* ACTIVITY *
Copy the lines below word for word, skipping any image.

* MATERIAL PROVIDED *
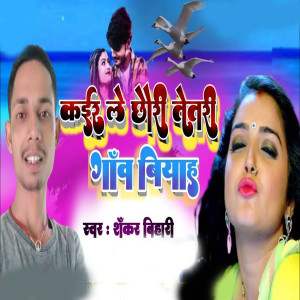 Album Kair Le Chhouri Tetri Gaon biyaah from Shankar Bihari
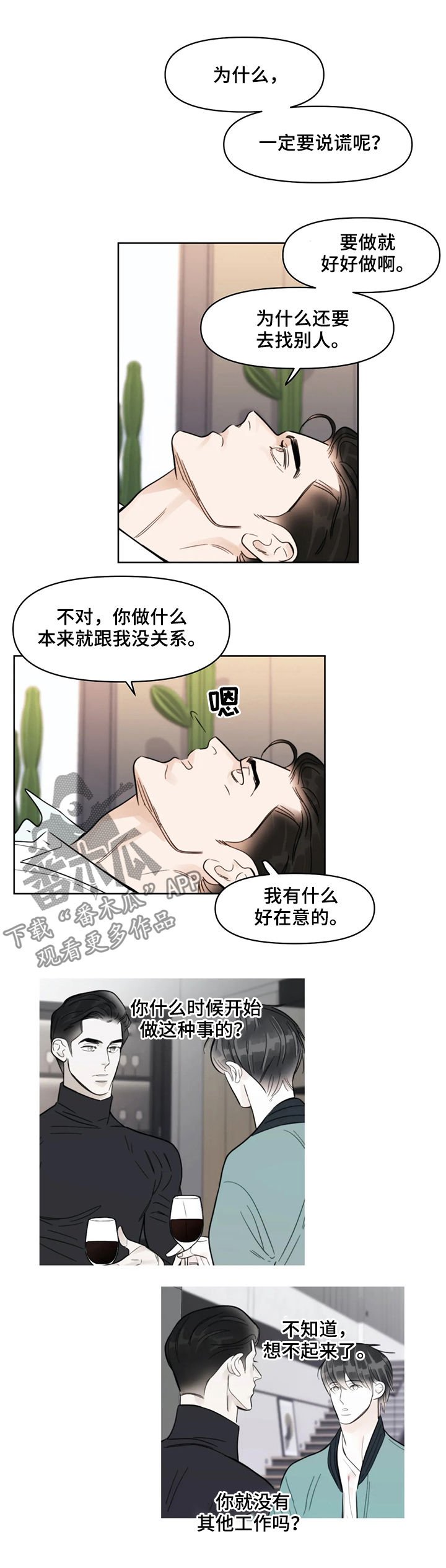 第36章：校服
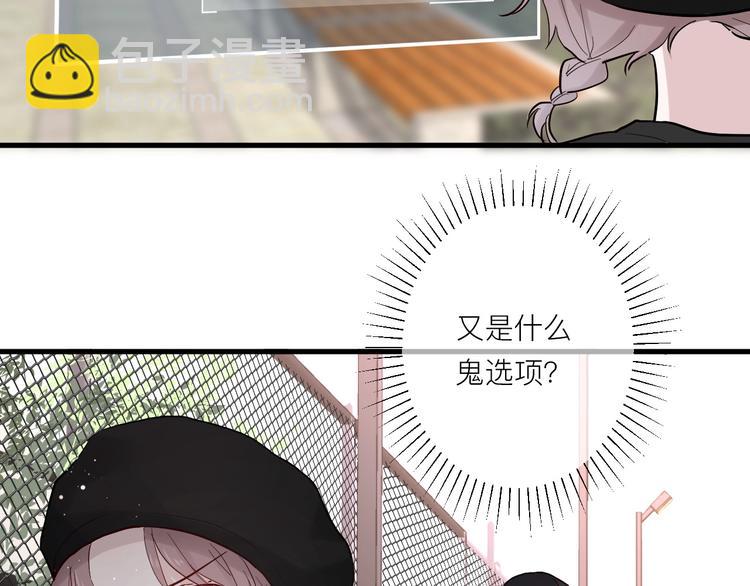 白日夢圖鑑 - 第7話 放棄(1/2) - 5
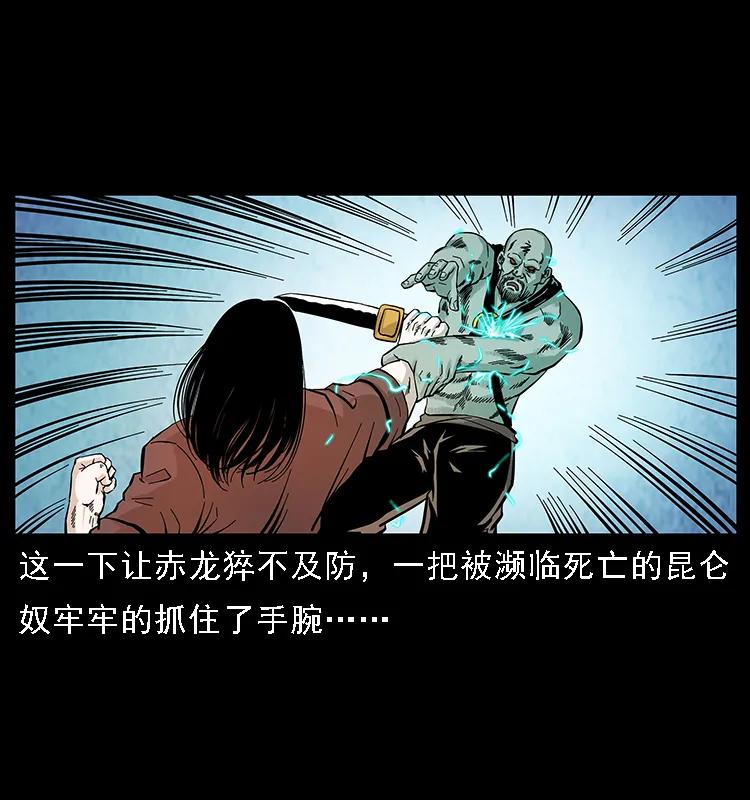 105 对战妖王3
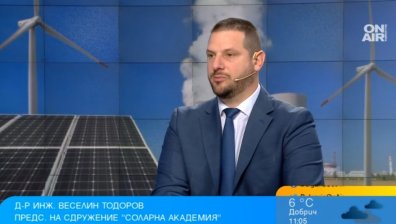 Европа се насочи към възобновяемата енергия заради кризите с петрола и газта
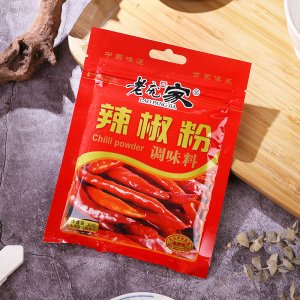 農(nóng)特產(chǎn)香辣椒粉OEM代加工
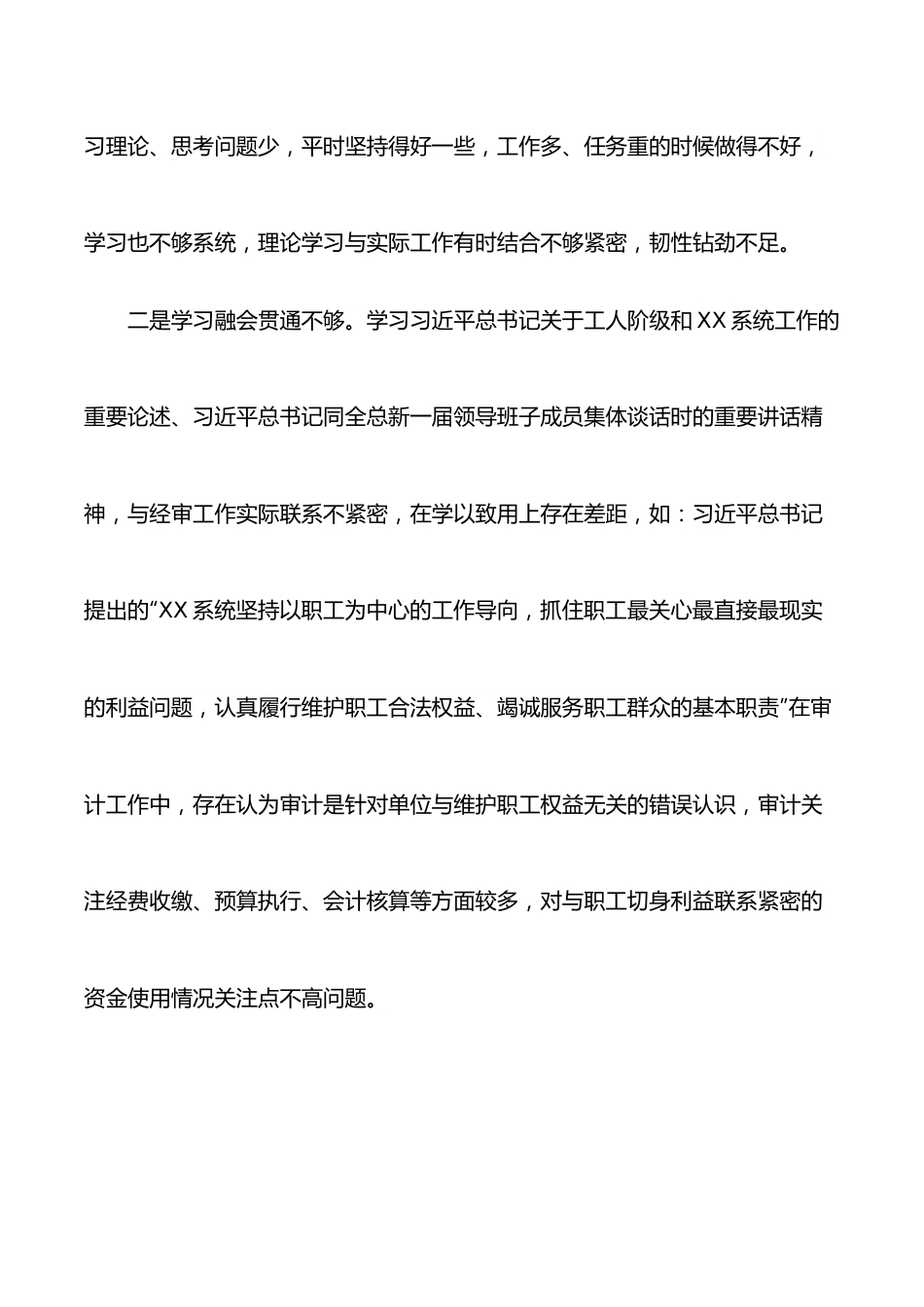 审计局2021年度组织生活会个人对照检查材料.docx_第2页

* EXPECTED OUTPUT *
 Album Kair Le Chhouri Tetri Gaon biyaah from Shankar Bihari
 第36章：校服
 白日夢圖鑑 - 第7話 放棄(1/2) - 5
 105 对战妖王3
 Европа се насочи към възобновяемата енергия заради кризите с петрола и газта
 農(nóng)特產(chǎn)香辣椒粉OEM代加工
 审计局2021年度组织生活会个人对照检查材料.docx_第2页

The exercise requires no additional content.